Apabila tidak ada orang gurun maka frase itu tidak bermakna apapun, menjadi senseless. Senseless berbeda dengan nonsense, nonsense itu omong kosong sementara senseless itu suatu omongan hanya saja tidak bermakna karena tak punya acuan. Dari poin ini, sebetulnya frase itu biasa saja. Tak ada yang patut dibuatnya marah, karena “Manusia Gurun” hanya merepresentasikan orang-orang di gurun.

Baca Juga:

Tetapi jika dikaitkan dengan situasi sosial yang lagi memanas akibat polarisasi politik maka "Manusia Gurun" bisa bermaksud (bukan bermakna) mengejek orang-orang yang selama ini seringkali mengkritik pemerintah, yaitu golongan oposisi. Mungkin sahabat dari frase itu adalah "Kadal Gurun" yang sering digunakan sebagai ledekan.

Nah, mana maksud yang sesungguhnya? Seorang peneliti tidak bisa serta-merta menghakimi maksud ujaran itu ke mana? Karena bisa jadi maksud dari pengujar bukan untuk meledek sebagaimana pada "kadal gurun".

Untuk memastikan maksudnya, perlu dilihat konteks, posisi pengujar dan psikologi sosialnya.

Dari sisi konteks ujaran itu saya kira masih perlu diperdebatkan apakah benar itu suatu ledekan, benarkah ada kasus rasis di situ? Jika iya, ras yang mana dan agama yang mana? Katakanlah karena “gurun” berkaitan dengan tradisi Arab, maka berarti yang kena sasaran rasis adalah orang Arab. Ini juga tidak tepat, gurun tidak hanya ada di Arab, di China ada gurun.

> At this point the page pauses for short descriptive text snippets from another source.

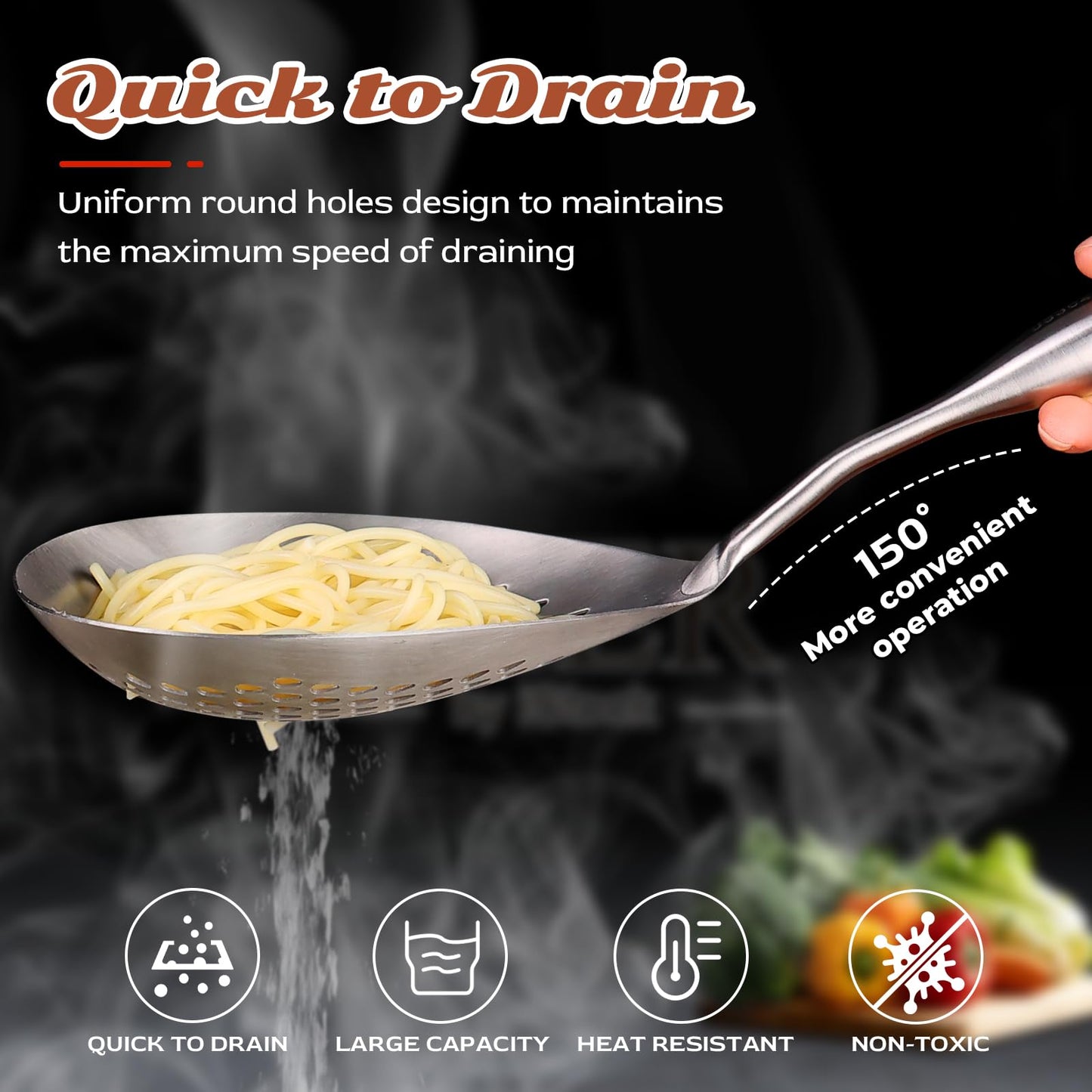 MARTE Skimmer Slotted Spoon,304 Stainless Steel Pasta Spider Strainer Ladle for Frying and Cooking,Kitchen Colanders & Food Strainers Set of 2，Slotted Spoon with Heat-Resistant Solid Wood Handle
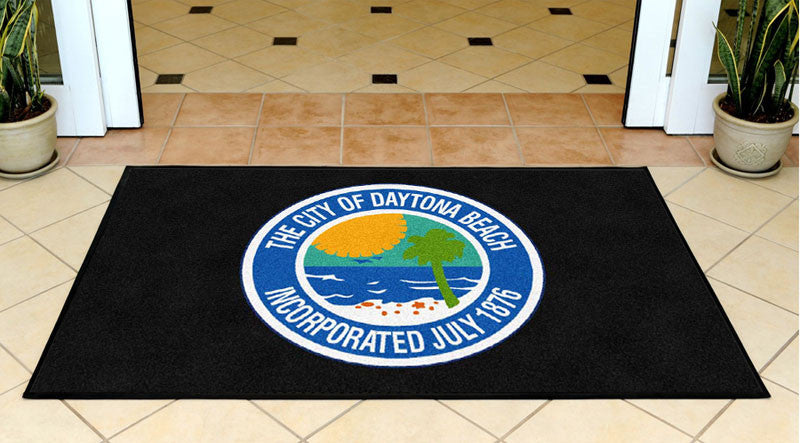 CITY OF DAYTONA BEACH 3 X 5 Rubber Backed Carpeted HD - The Personalized Doormats Company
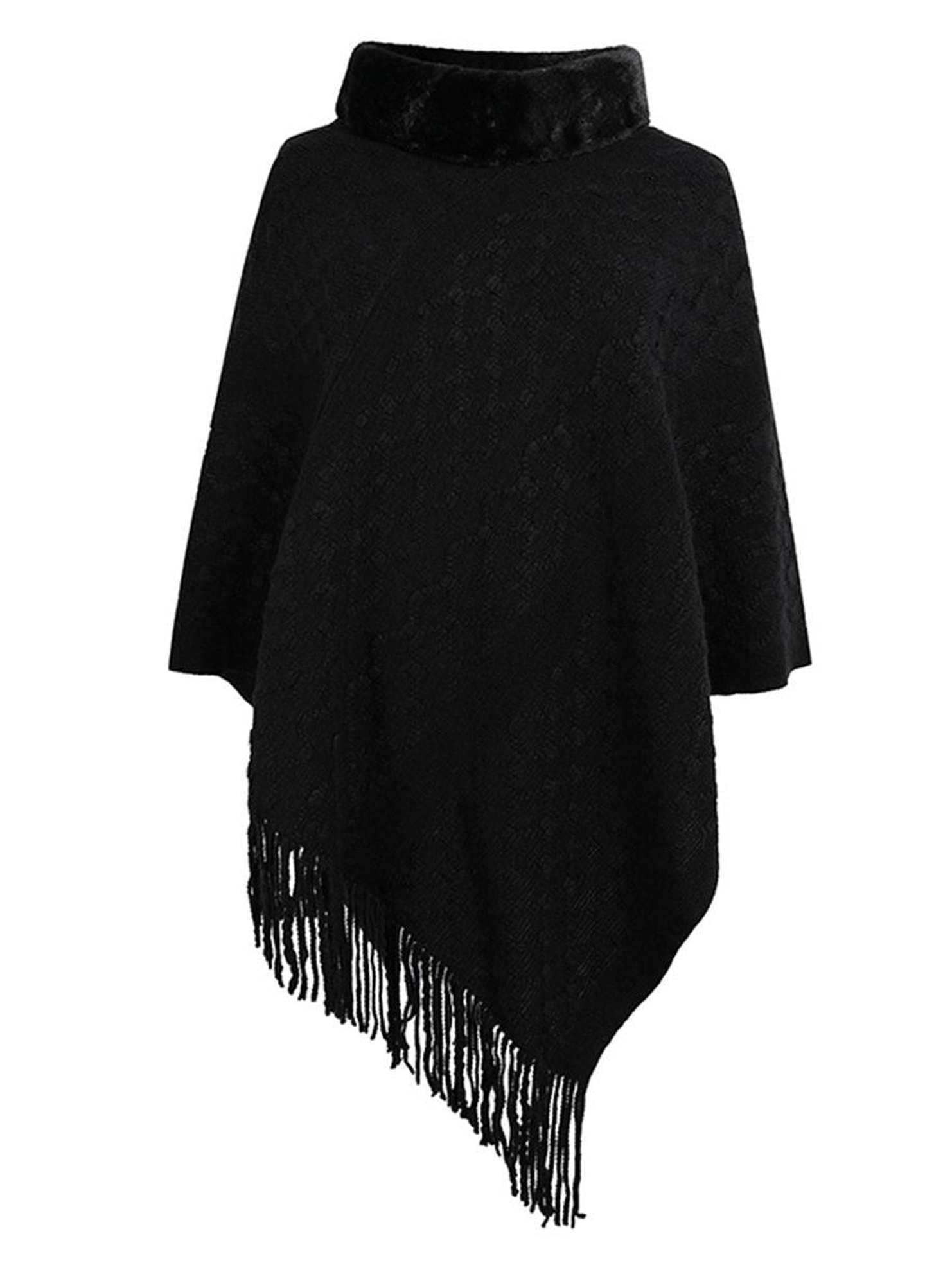FEMALE FUR COLLAR TASSEL HEM COAT SHAWL - Doublju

Dari sisi pengujarnya sekilas pengujar bukanlah sosok yang selama ini seperti Denny Siregar yang memang kerap kali meledek orang orang yang sering bawa-bawa agama untuk hal-hal sosial. Pengujar selama ini tak punya pretensi seperti Denny Siregar. Tetapi ini perlu dibuktikan lebih lanjut.

Dari sisi psikologi sosialnya, memang kita hari ini cukup sensitif dengan istilah “gurun” terutama yang disandingkan dengan “kada”. Hal itu karena polarisasi politik sebelumnya. Yang jelas, “Kadal Gurun” berbeda dengan “Manusia Gurun”.

Dugaan saya, penghakiman pada sang profesor bukan dari sisi makna frase itu, juga bukan dari posisi sang pengujar melainkan dari trauma sosial yang ada selama ini.